● **Listed records**
══════════

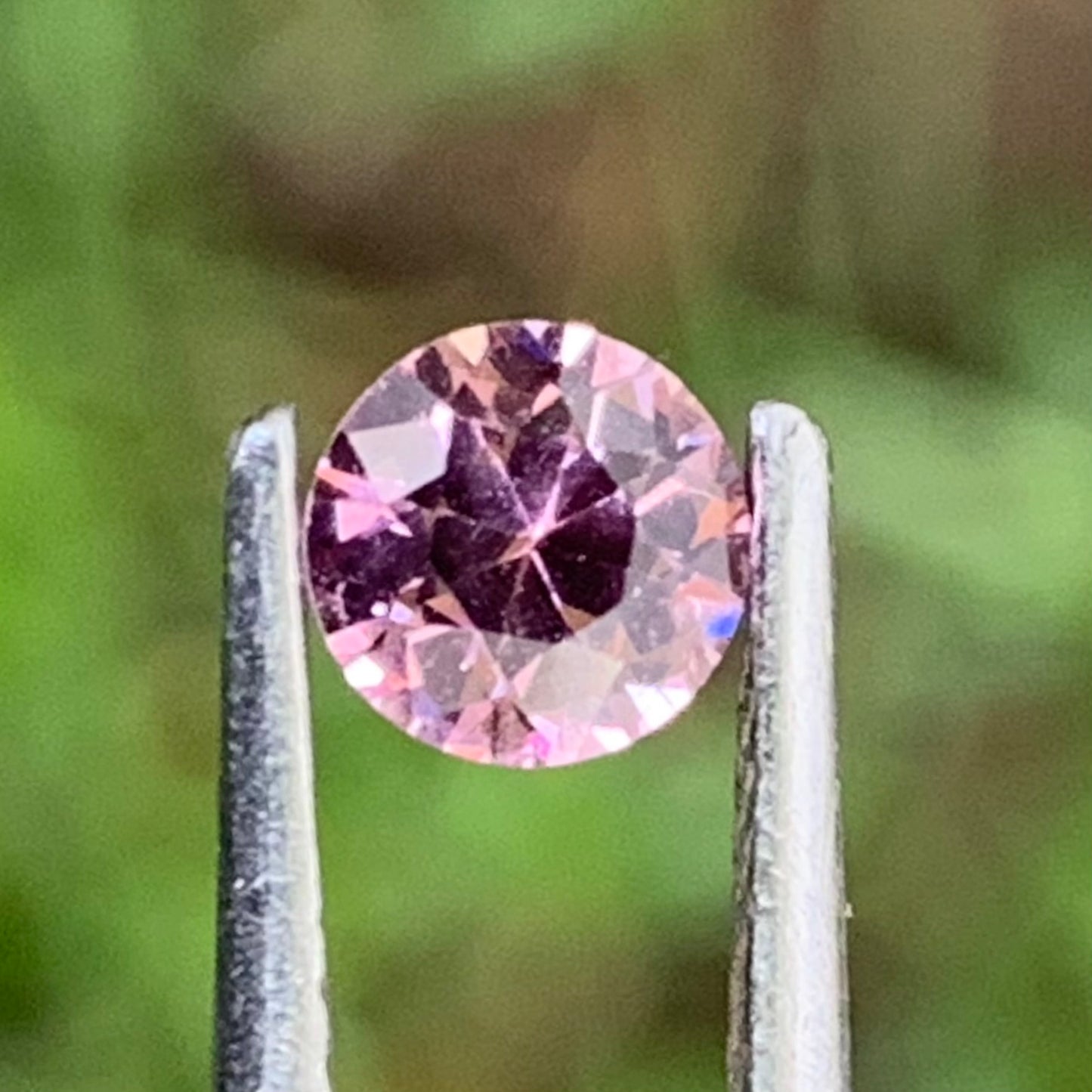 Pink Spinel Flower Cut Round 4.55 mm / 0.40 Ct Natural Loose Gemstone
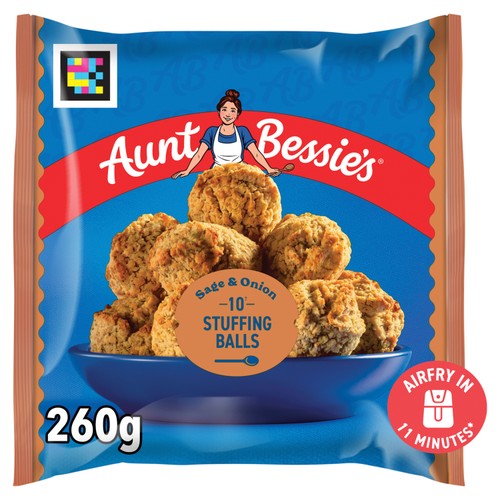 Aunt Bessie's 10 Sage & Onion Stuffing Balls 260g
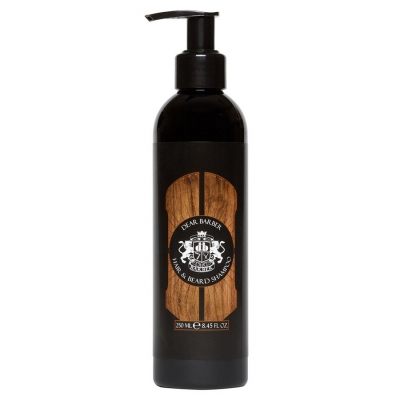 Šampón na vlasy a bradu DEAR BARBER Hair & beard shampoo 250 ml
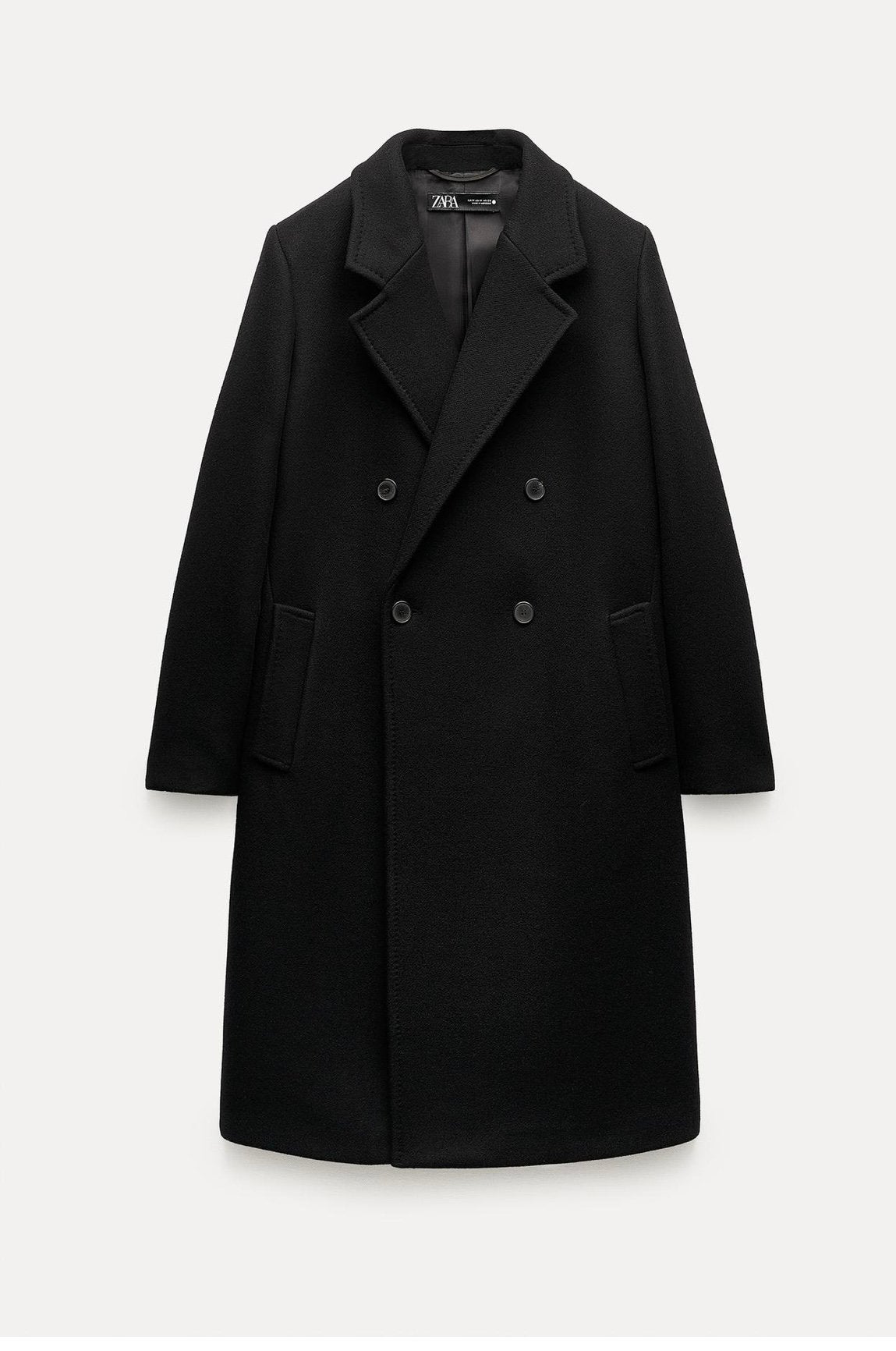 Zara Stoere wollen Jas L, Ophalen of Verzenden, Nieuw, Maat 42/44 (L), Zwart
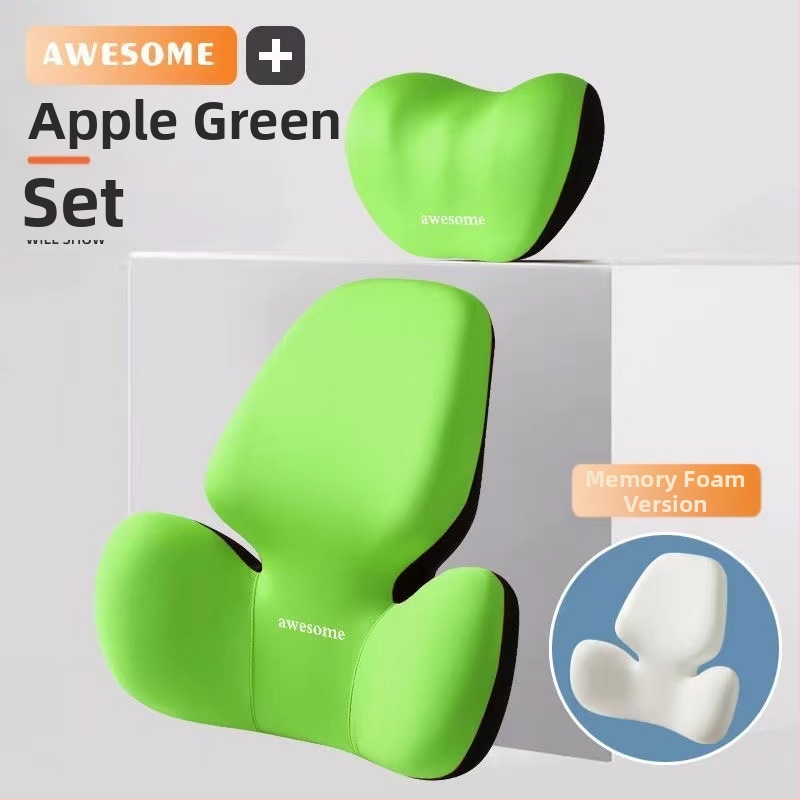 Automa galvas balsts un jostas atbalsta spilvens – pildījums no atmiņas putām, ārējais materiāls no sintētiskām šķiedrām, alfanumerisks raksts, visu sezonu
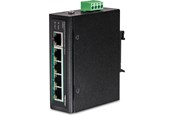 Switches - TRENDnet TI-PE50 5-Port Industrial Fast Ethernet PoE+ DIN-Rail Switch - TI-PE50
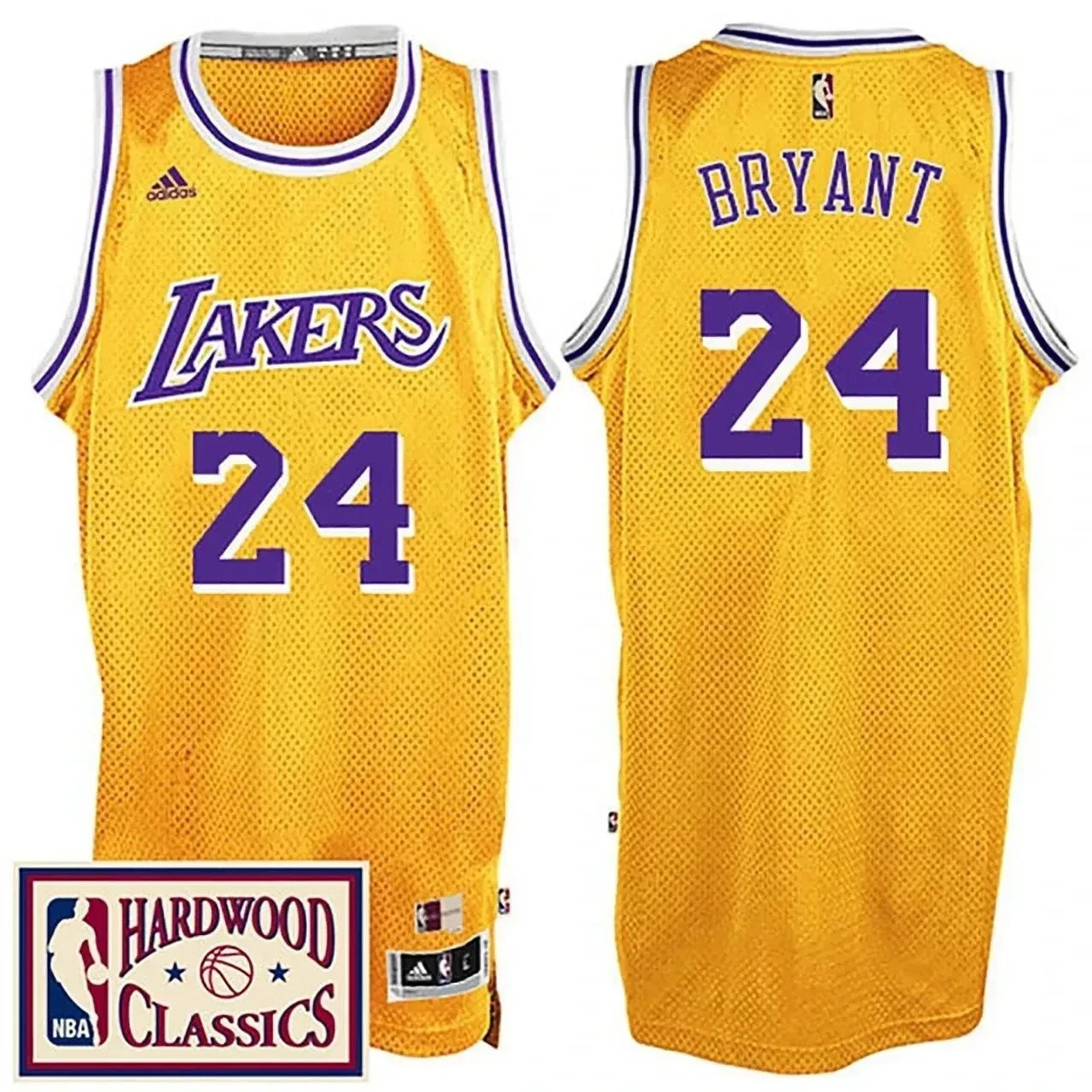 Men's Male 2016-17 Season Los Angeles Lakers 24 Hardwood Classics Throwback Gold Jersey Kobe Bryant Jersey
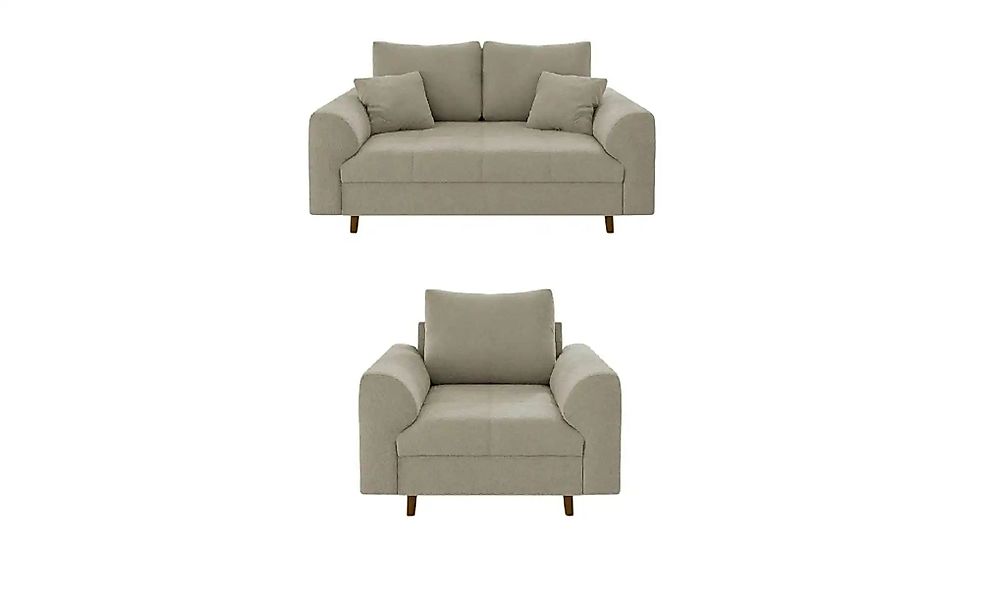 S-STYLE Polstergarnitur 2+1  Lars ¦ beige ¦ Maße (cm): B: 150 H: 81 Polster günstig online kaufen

══════════

● **Goal of the exercise**
Could you reproduce exactly, and only, the lines from the one containing "Šampón na vlasy" through the end of the records above, both included, while leaving out the pictures?

● **Expected answer**
 Šampón na vlasy a bradu DEAR BARBER Hair & beard shampoo 250 ml
 Zara Stoere wollen Jas L, Ophalen of Verzenden, Nieuw, Maat 42/44 (L), Zwart
 Automa galvas balsts un jostas atbalsta spilvens – pildījums no atmiņas putām, ārējais materiāls no sintētiskām šķiedrām, alfanumerisks raksts, visu sezonu
 Switches - TRENDnet TI-PE50 5-Port Industrial Fast Ethernet PoE+ DIN-Rail Switch - TI-PE50
 Men's Male 2016-17 Season Los Angeles Lakers 24 Hardwood Classics Throwback Gold Jersey Kobe Bryant Jersey
 S-STYLE Polstergarnitur 2+1  Lars ¦ beige ¦ Maße (cm): B: 150 H: 81 Polster günstig online kaufen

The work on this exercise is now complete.